Task requirements
Copy, exactly and without additions, every line in the records below from the one holding "2456 CALLE MORENO, BROWNSVILLE, TX" through the one holding "Estée Lauder Take", both ends included.

Task data
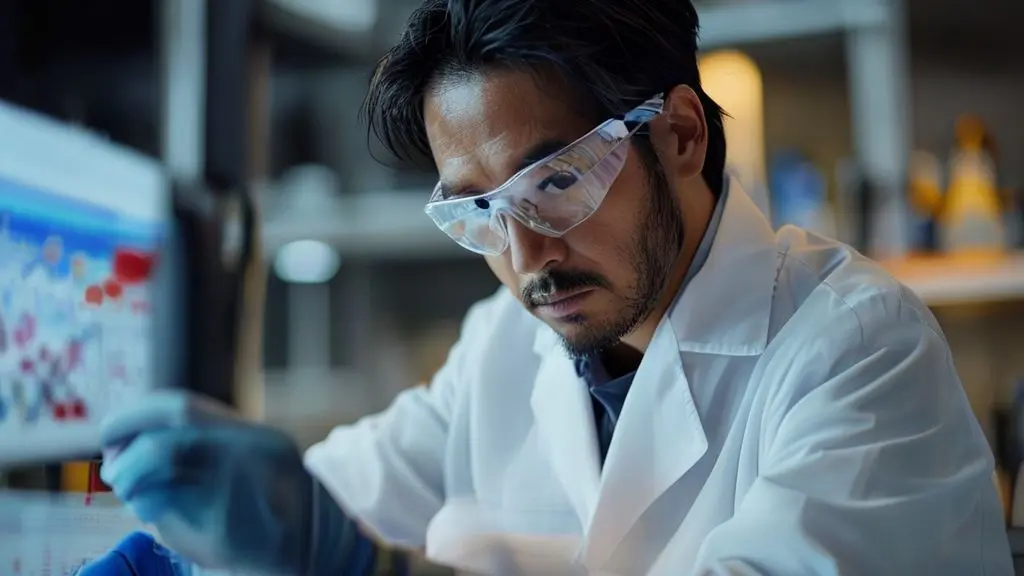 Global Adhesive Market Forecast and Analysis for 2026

...

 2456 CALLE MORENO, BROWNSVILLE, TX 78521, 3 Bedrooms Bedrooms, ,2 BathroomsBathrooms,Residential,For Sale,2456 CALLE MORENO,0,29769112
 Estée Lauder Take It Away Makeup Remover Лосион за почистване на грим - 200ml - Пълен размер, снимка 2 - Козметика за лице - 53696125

---

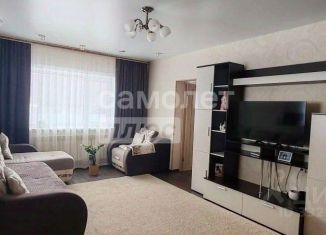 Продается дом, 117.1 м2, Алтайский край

Expected answer
 2456 CALLE MORENO, BROWNSVILLE, TX 78521, 3 Bedrooms Bedrooms, ,2 BathroomsBathrooms,Residential,For Sale,2456 CALLE MORENO,0,29769112
 Estée Lauder Take It Away Makeup Remover Лосион за почистване на грим - 200ml - Пълен размер, снимка 2 - Козметика за лице - 53696125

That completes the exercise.